Not only do the tools enable incompetent attackers, they also enable a new class of incompetent library developers to create and publish packages, and a new class of incompetent application developers to install packages without even knowing what packages are being used in the code they aren't reading, and a new class of incompetent users who are allowing OpenClaw to run completely arbitrary code on their machines with no oversight. We are seeing only the tip of the iceberg of the security breaches that are to come.
So basically the attacker and the dev who caught it were probably using the same tools if the malware was AI-generated (hence the fork bomb bug), and the investigation was AI-assisted (hence the speed). Less "tip of the iceberg" and more just that both sides got faster.
I just finished teaching an advanced data science course for one of my clients. I found my self constantly twitching everytime I said "when I write code..." I'm barely writing code at all these days. But I created $100k worth of code just yesterday recreating a poorly maintained (and poor ux) library. Tested and uploaded to pypi in 90 minutes.
A lot of the conversation in my course was directed to leveraged AI (and discussions of existential dread of AI replacement).

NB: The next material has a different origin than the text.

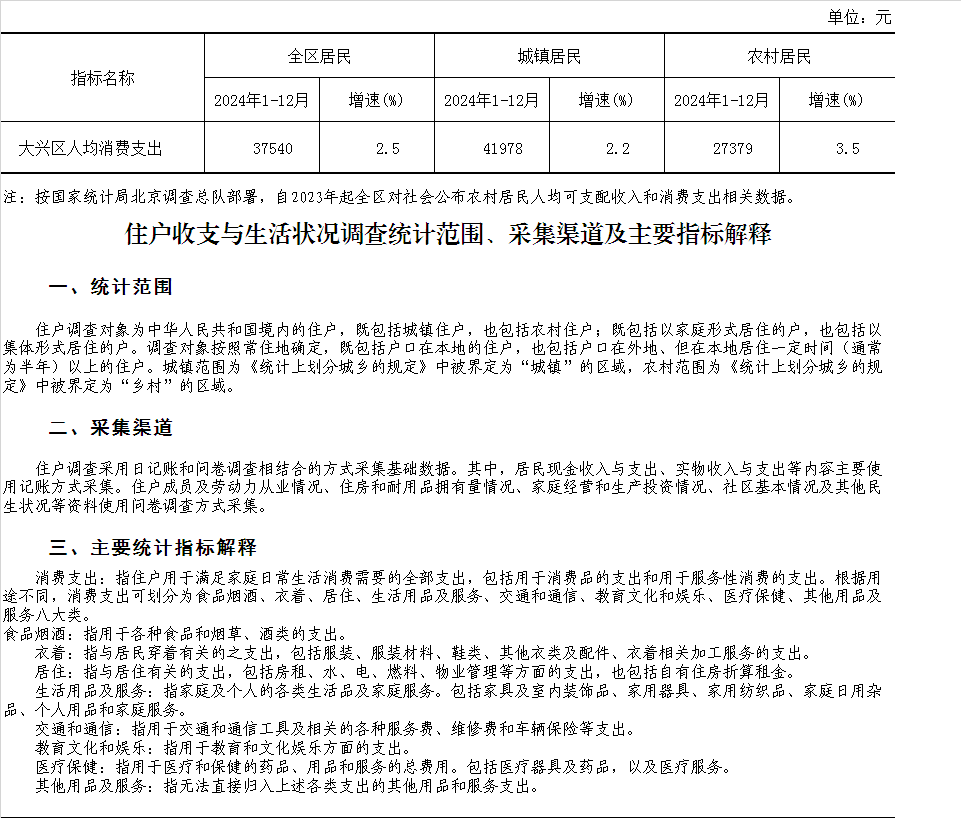 大兴区2024年1-12月居民人均消费支出情况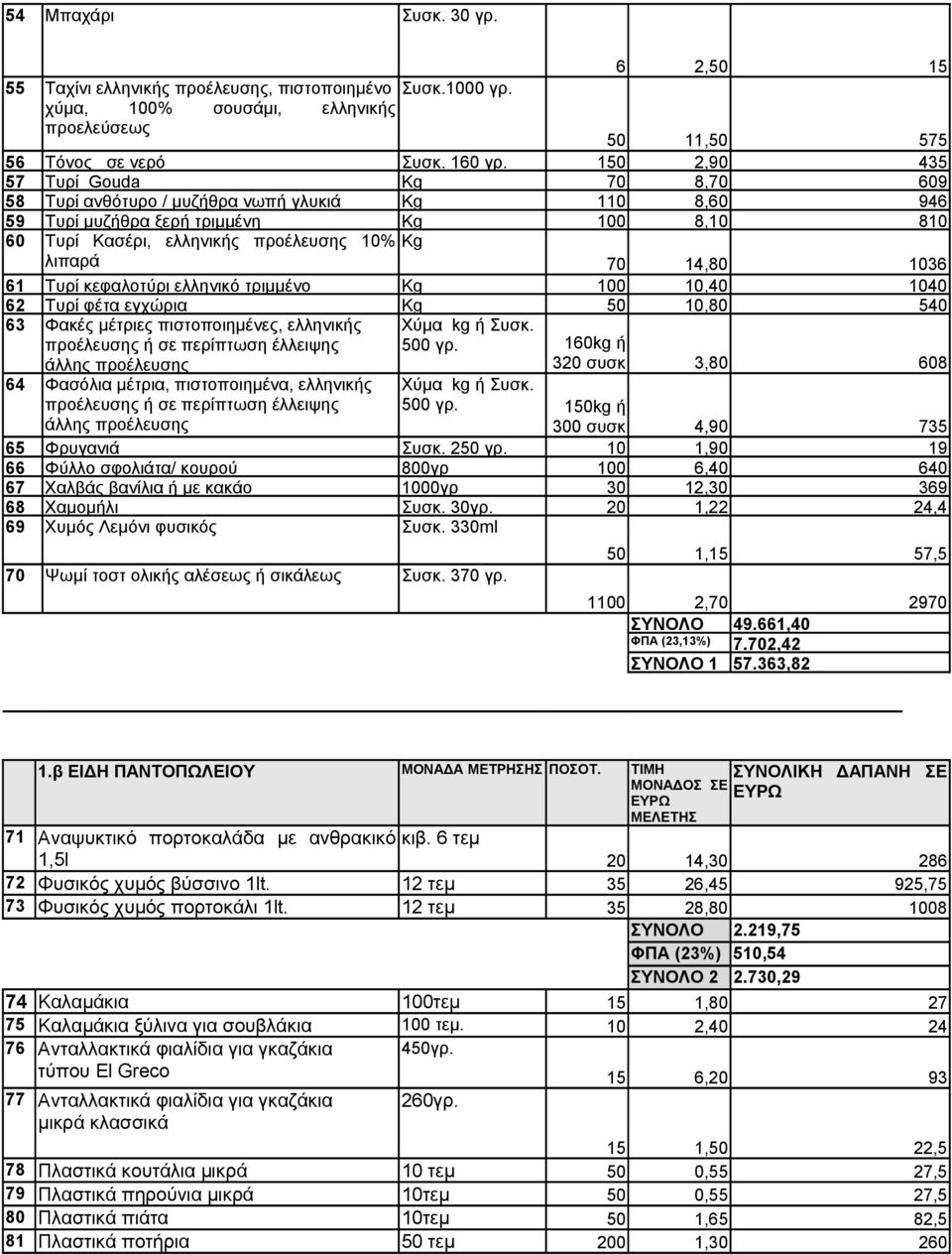 14,80 1036 61 Τυρί κεφαλοτύρι ελληνικό τριμμένο Kg 100 10,40 1040 62 Τυρί φέτα εγχώρια Kg 50 10,80 540 63 Φακές μέτριες πιστοποιημένες, ελληνικής προέλευσης ή σε περίπτωση έλλειψης άλλης προέλευσης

This article is a wonderful example of an expert leveraging AI to do normal work 100x faster.
If it took 90 minutes + a Claude Code subscription then the most anyone else is going to be willing to pay for the same code is... ~90 minutes of wages + a Claude Code subscription.
Ofc the person earning those wages will be more skilled than most, but unless those skills are incredibly rare & unique, it's unlikely 90 minutes of their time will be worth $100k.
And ofc, the market value of this code could be higher, even much higher, the the cost to produce it, but for this to be the case, there needs to be some sort of moat, some sort of reason another similarly skilled person cannot just use Claude to whip up something similar in their 90 minutes.
It's open source scratching an itch. But 99.9% of coders wouldn't know what the library is for. Those that do don't use agents for coding (in my experience sample size 1).